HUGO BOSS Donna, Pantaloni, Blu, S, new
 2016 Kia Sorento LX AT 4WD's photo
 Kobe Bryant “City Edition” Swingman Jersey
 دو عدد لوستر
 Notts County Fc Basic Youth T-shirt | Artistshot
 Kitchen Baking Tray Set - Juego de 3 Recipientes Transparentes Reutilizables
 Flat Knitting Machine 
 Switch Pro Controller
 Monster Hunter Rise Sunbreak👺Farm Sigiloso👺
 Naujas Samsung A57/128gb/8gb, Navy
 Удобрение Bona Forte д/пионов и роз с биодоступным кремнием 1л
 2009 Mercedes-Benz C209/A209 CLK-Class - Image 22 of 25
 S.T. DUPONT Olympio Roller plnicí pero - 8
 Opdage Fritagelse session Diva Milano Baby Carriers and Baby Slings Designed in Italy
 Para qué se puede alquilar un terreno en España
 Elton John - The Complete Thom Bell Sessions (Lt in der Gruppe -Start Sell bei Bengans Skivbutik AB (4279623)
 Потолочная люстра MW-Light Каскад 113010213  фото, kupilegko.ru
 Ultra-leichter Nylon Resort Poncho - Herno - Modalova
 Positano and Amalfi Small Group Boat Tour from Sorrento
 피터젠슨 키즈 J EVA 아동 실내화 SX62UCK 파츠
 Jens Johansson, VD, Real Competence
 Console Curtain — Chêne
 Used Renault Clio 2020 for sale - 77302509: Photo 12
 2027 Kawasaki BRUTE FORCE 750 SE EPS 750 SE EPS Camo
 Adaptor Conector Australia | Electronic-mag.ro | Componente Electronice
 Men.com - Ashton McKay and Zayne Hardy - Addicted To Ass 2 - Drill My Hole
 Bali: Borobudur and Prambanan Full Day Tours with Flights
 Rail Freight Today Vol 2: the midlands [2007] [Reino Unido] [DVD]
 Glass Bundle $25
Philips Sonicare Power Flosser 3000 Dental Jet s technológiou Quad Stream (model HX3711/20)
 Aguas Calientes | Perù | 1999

------------------------------------------------------------------------

Exercise prompt:
The line with "2027 Kawasaki BRUTE" through the last line of the entries above: output exactly those lines and nothing else.

Answer to this problem:
 2027 Kawasaki BRUTE FORCE 750 SE EPS 750 SE EPS Camo
 Adaptor Conector Australia | Electronic-mag.ro | Componente Electronice
 Men.com - Ashton McKay and Zayne Hardy - Addicted To Ass 2 - Drill My Hole
 Bali: Borobudur and Prambanan Full Day Tours with Flights
 Rail Freight Today Vol 2: the midlands [2007] [Reino Unido] [DVD]
 Glass Bundle $25
Philips Sonicare Power Flosser 3000 Dental Jet s technológiou Quad Stream (model HX3711/20)
 Aguas Calientes | Perù | 1999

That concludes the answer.